TASK TO COMPLETE: Would you transcribe the records below from the line with "So in this way" to the line with "I hope you found", ends included, exactly and with nothing more, leaving the pictures out?

SUPPLIED RECORDS:

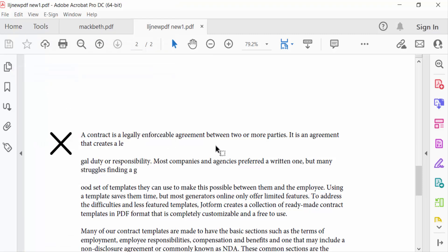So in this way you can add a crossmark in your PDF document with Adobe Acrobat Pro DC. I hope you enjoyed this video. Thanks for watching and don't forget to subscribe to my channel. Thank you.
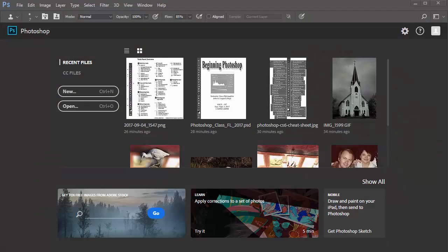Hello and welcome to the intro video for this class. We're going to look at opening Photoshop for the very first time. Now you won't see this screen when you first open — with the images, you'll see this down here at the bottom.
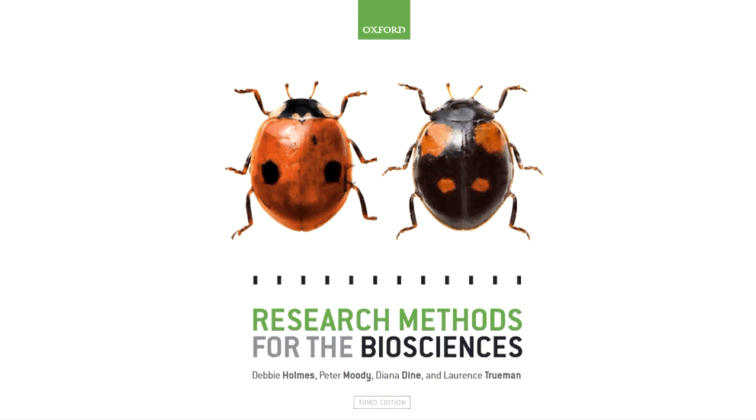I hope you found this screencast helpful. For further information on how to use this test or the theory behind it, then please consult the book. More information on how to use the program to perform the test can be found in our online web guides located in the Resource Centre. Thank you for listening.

* * *

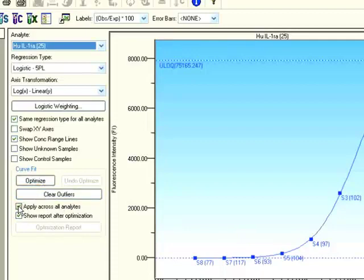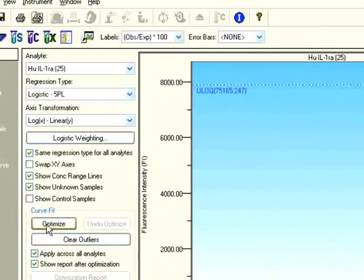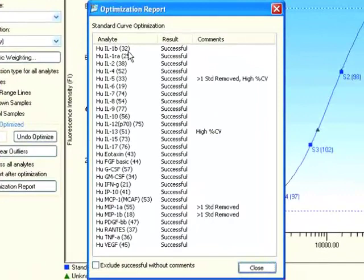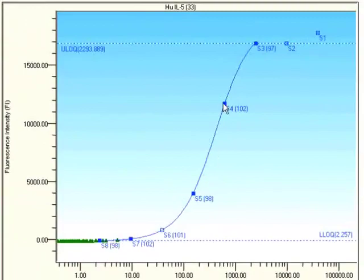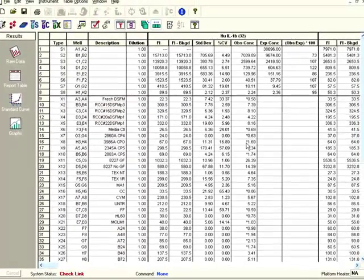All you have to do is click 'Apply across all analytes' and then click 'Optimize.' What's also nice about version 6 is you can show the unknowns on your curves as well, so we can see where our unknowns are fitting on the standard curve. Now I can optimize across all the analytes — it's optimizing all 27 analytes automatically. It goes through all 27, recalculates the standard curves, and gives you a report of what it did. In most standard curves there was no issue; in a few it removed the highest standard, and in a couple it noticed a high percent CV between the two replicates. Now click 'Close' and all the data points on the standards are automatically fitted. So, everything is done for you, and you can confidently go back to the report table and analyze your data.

OUTPUT:
So in this way you can add a crossmark in your PDF document with Adobe Acrobat Pro DC. I hope you enjoyed this video. Thanks for watching and don't forget to subscribe to my channel. Thank you.
Hello and welcome to the intro video for this class. We're going to look at opening Photoshop for the very first time. Now you won't see this screen when you first open — with the images, you'll see this down here at the bottom.
I hope you found this screencast helpful. For further information on how to use this test or the theory behind it, then please consult the book. More information on how to use the program to perform the test can be found in our online web guides located in the Resource Centre. Thank you for listening.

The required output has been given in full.